> What to produce
Having found the line containing "Good morning first time mom Edd: dec 25 2023" in the records below, copy that line and each later one exactly, dropping pictures.

> Data to examine
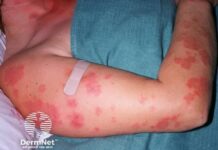 FDA Grants Breakthrough Therapy Designation to Litifilimab for Cutaneous Lupus Erythematosus FDA Grants Breakthrough Therapy Designation to Litifilimab for Cutaneous Lupus Erythematosus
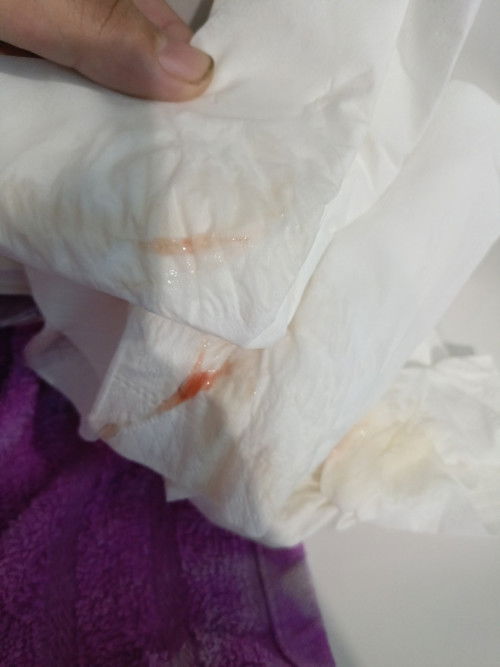 Good morning first time mom Edd: dec 25 2023

Mapapaaga puba pag may lumabas na ganto?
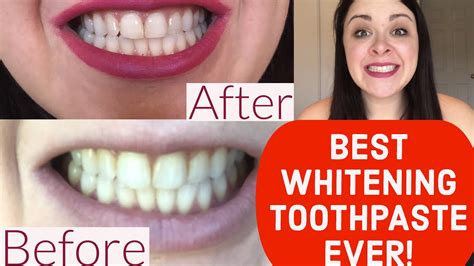 From movie stars to singers and youtube sensations, everyone's got white teeth. BEST WHITENING TOOTHPASTE EVER: REVIEW Crest 3D White Brilliance - YouTube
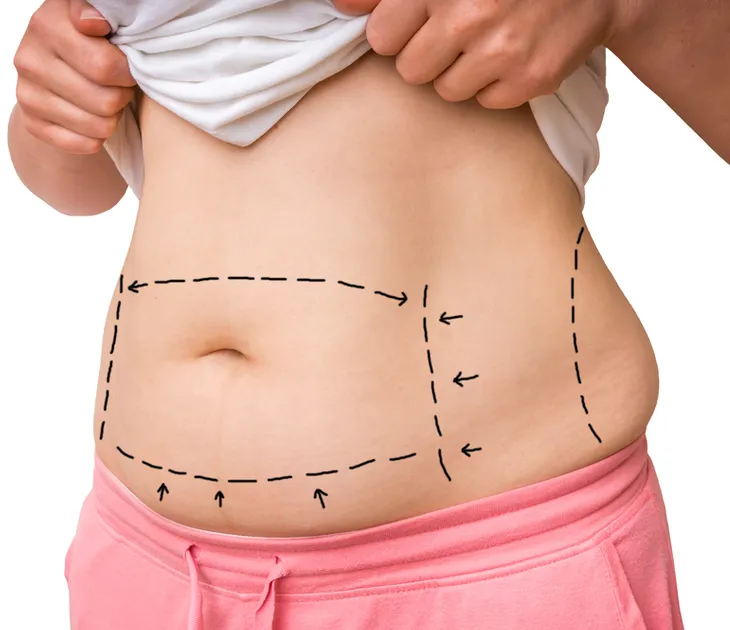 How Much Is a Tummy Tuck: Why the Cost Varies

> Answer section
 Good morning first time mom Edd: dec 25 2023

Mapapaaga puba pag may lumabas na ganto?
 From movie stars to singers and youtube sensations, everyone's got white teeth. BEST WHITENING TOOTHPASTE EVER: REVIEW Crest 3D White Brilliance - YouTube
 How Much Is a Tummy Tuck: Why the Cost Varies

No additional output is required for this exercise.